The valve 14, hydraulic actuator 16 and hydrostatic equalisation device 18 may be formed integrally on a single tool body or may be constructed separately and joined together by box and pin sections as is known in the art. Two parts may also be integrally formed and joined to the third part.
In use, the assembly 10 is mounted on a pipe string 12 with the sleeve 22 covering the radial port 28. The pipe string 12 is run in the well and fluid can fill the throughbore 40. With the assembly 10 at the desired position fluid is pumped down the throughbore 40. The drop ball 38 is released into the pipe string 12 and is sized to pass through the hydrostatic equalisation device 18 and hydraulic actuator 16. The ball 38 passes through the actuator 16 and is stopped at the ball valve seat 36, seals the throughbore 40 and blocks the passage of fluid through the pipe string 12 at the valve 14. By continuing to pump fluid from surface, the fluid pressure will increase above the ball 38 and consequently fluid entering the access port 32 on the hydraulic actuator 16 will have an increased pressure.
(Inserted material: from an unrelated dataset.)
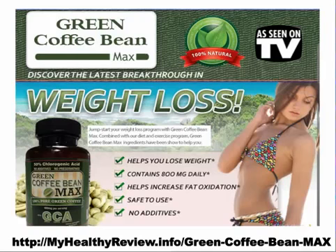Hello there and welcome to the Green Coffee Bean Max review, brought to you by myhealthyreview.info. Alrighty guys, I'm going to talk to you about the Green Coffee Bean Max.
The fluid will fill the chamber 17 on the first side 19 of the piston 15 and the fluid pressure will move the piston through the chamber 17 by acting on the first side 19 and operate the actuator 16. In this embodiment the inner mandrel 34 will move relative to the upper pipe string 12. As the ball valve seat 36 is fixed, the ball 38 will remain in the seat 36 and a maximum pressure can be applied to operate the actuator 16. As we are in a low level well 13, fluid pressure on the second side 21 of the piston 15 is much lower than the pumped fluid pressure and the piston 15 will move easily.
When we wish to reset the actuator 16, in this case to move the pipe string 12 upwards relative to the inner mandrel 34, we stop pumping fluid down the throughbore 40. However, as we are in a low level well 13, pulling on the pipe string 12 from surface will have no effect. This is because the weight of the column of fluid in the pipe string 12 supported on the ball 38, provides a greater force on the first side 19 of the piston 15 than the pressure of fluid on the second side 21 of the piston 15 which will be the fluid pressure in the annulus 30. This hydrostatic imbalance prevents the hydraulic actuator 16 being released. In the present invention, the hydrostatic equalisation device 18 is used to achieve this.
On run-in and activation of the actuator the hydrostatic equalisation device 18 can be considered to have been in a first configuration wherein the bias in spring 24, held the sleeve 22 in a position in which the radial ports 26, 28 are misaligned. The radial port 28 is closed and fluid flow is entirely in the throughbore 40 past the device 18. When required, the hydrostatic equalisation device 18 is switched to a second configuration by creating relative movement between the sleeve 22 and inner tubular member 20. Dependent on the design of the device 18, this can be done by setting down weight on the pipe string 12 i.e. slacking it off, pulling on the pipe string 12 i.e. applying tension and/or by rotation of the pipe string 12, which will rotate the inner tubular member 20. Such movement aligns the radial ports 26,28 and opens the fluid passageway between the pipe string 12 and the annulus 30. It is noted that longitudinal movement is preferred over rotational as it can be more reliably performed in a well.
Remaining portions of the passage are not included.